It can be useful to be able to classify new “test” documents using already classified “training” documents. A common example is using a corpus of labeled spam and ham (non-spam) e-mails to predict whether or not a new document is spam.
For this project, you can start with a spam/ham dataset, then predict the class of new documents (either withheld from the training dataset or from another source such as your own spam folder). One example corpus: https://spamassassin.apache.org/old/publiccorpus/
download.file(url = "http://spamassassin.apache.org/old/publiccorpus/20021010_easy_ham.tar.bz2", destfile = "20021010_easy_ham.tar.bz2")
download.file(url = "http://spamassassin.apache.org/old/publiccorpus/20050311_spam_2.tar.bz2", destfile = "20050311_spam_2.tar.bz2")
untar("20021010_easy_ham.tar.bz2", exdir="project_4", compressed = "bzip2")
untar("20050311_spam_2.tar.bz2", exdir="project_4",compressed = "bzip2")
Ham_path <- DirSource("C:\\Users\\a\\Desktop\\607\\project_4\\easy_ham")
ham.dir="easy_ham\\"
ham_files = list.files(path = ham.dir,full.names = TRUE)

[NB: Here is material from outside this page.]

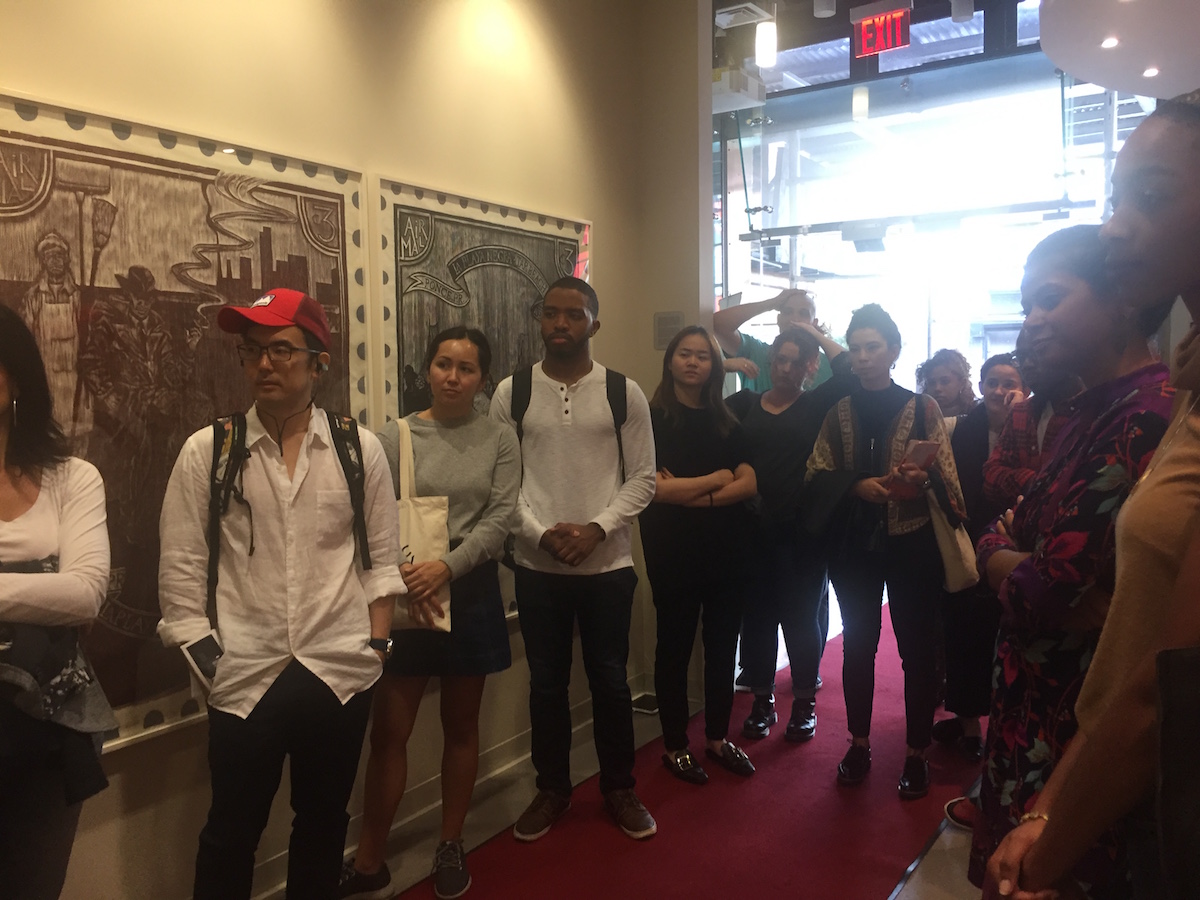 People gathered along the walls in a hall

Spam_path <- DirSource("C:\\Users\\a\\Desktop\\607\\project_4\\spam_2")
spam.dir="spam_2\\"
spam_files = list.files(path = spam.dir , full.names = TRUE)
length(spam_files)
## [1] 1397
length(ham_files)
## [1] 2551
m_corpus <- function(file_path) {
corpus <- file_path %>%
paste(., list.files(.), sep = "/") %>%
lapply(readLines) %>%
VectorSource() %>%
VCorpus()
return(corpus)
}
Clean_data <- function(corpus) {
corpus <- corpus %>%
tm_map(removeNumbers) %>%
tm_map(removePunctuation) %>%
tm_map(tolower) %>%
tm_map(PlainTextDocument) %>%
tm_map(removeWords, stopwords("en")) %>%
tm_map(stripWhitespace) %>%
tm_map(stemDocument)
return(corpus)
}
addTag <- function(corpus, tag, value){
for (i in 1:length(corpus)){
meta(corpus[[i]], tag) <- value
}
return(corpus)
}
hamCorp <- ham.dir%>%
m_corpus %>%
Clean_data %>%
addTag(tag = "emails", value = "ham")
hamDF <-as.data.frame(unlist(hamCorp),stringsAsFactors = FALSE)
hamDF$Type <- "HAM"
colnames(hamDF) <- c("Message","Type")
wordcloud(hamCorp, scale=c(3,0.5), max.words=80, random.order=FALSE, rot.per=0.35, use.r.layout=FALSE, colors=brewer.pal(8, "Dark2"))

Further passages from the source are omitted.